For most tasks I recommend avoiding the built‑in Plan mode unless you’re tackling a completely new problem where a generic plan is all you need.
Now that we have a plan, let’s move on to the implementation.
2. Put strong guardrails to guide Claude code Right First Time
For this part I couldn’t think of a better metaphor than this :
Your best chance to strike is the plan, but adding some guard rail will definitely avoid you the gutter.
Coding standards
You already have a set of implicit rules about what good code looks like. Claude can’t guess those rules, so you need to spell them out explicitly—unless your codebase is already so mature that every file Claude reads automatically follows the standards.
So the idea is to write down markdown files that explain in clear english what good code looks like according to you.
You can then refer to these markdown files in your technical strategy document, depending on the task ahead
Prefer positive phrasing over negative phrasing—Claude tends to produce better results with the former.
For example, say ”Tests files MUST define a factory helper method to create test data” Rather than “Don’t redefine a new test‑data object in each test.”

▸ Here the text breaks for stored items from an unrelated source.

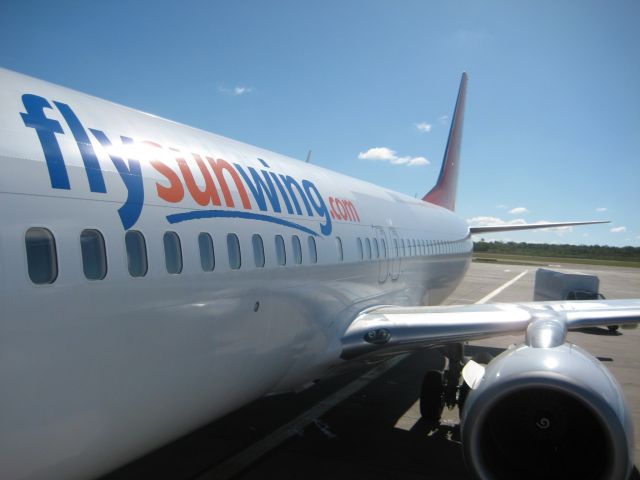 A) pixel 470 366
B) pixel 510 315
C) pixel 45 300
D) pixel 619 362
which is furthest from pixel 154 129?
pixel 619 362

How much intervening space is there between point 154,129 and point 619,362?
13.2m

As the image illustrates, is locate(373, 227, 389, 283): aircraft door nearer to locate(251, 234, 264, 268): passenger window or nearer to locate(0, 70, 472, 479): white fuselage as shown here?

By experience we see that the real challenge is keeping those rules manageable as your codebase and team evolve, so keep them minimal. If you manage to keep it lean, coding standards won’t impact much the context window usage.
Linter & typing
A robust linter has always been a cornerstone of code quality; now it’s worth investing even more in one. As every diagnostic error is fed back into Claude, if the error message is clear enough he will happily correct it – at the expense of filling up part of the context window. This makes linting slightly more “expensive” than coding‑standard checks, but the payoff in quality is well worth it.
This mechanism also works with typing. So having robust types and strict typing configuration will enable Claude to write better code without you to correct it.
If Claude struggles to fix a linting error you can check the error message. As a general rule of thumb make sure the error message explain what the issue is and a way to fix it.
Formatting & Claude hooks
Now a common issue that eats a lot of context space is code formatting. Generally Claude won’t follow your prettier strict configuration. As a result it will generate a lot of diagnostics errors
Using Claude hooks you can execute prettier autofix after he wrote the the file.
This pre‑processing step saves valuable context‑window space and reduces overall turnaround time.
Test-Driven-Development
Now the last part to make sure Claude will write code that works Right-First-Time is to employ a TDD workflow. I usually start by asking Claude to draft the tests files, review them myself, and then let it run the implementation by executing the tests autonomously.
This approach offers a triple advantage:
- It guarantees that your code is tested.
- The code Claude writes is inherently testable.
- It gives you, as the architect, an opportunity to build a robust testing system.
For example, I introduced a test‑environment helper that starts a PostgreSQL container, boots a NestJS app, and seeds the database with minimal boilerplate. This reduced the amount of code Claude had to write for a backend test, reduce the context window usage, while keeping everything fully testable.
E2E Test Environment to minimize backend tests setup
Summary
The final outcome for the Export Data feature was that it was designed, developed, validated, and pushed to production in just 2 man days, without a single bug. By contrast, the team had originally estimated it would take five man‑days without LLM agents support.
3. Right First Time or … Jidoka !
Now what Lean Tech teaches us is that every problem is an opportunity to learn, and to improve our daily working conditions.
So when the agent falls short implementing a feature Right-First-Time, the tempting shortcut is to hand-craft the missing bits yourself. That shortcut steals a precious chance: you’ll never uncover why the LLM failed, you won’t sharpen your intuition about how agents actually work, and you’ll miss the opportunity to iterate on—and ultimately improve—the feature factory you’ve built.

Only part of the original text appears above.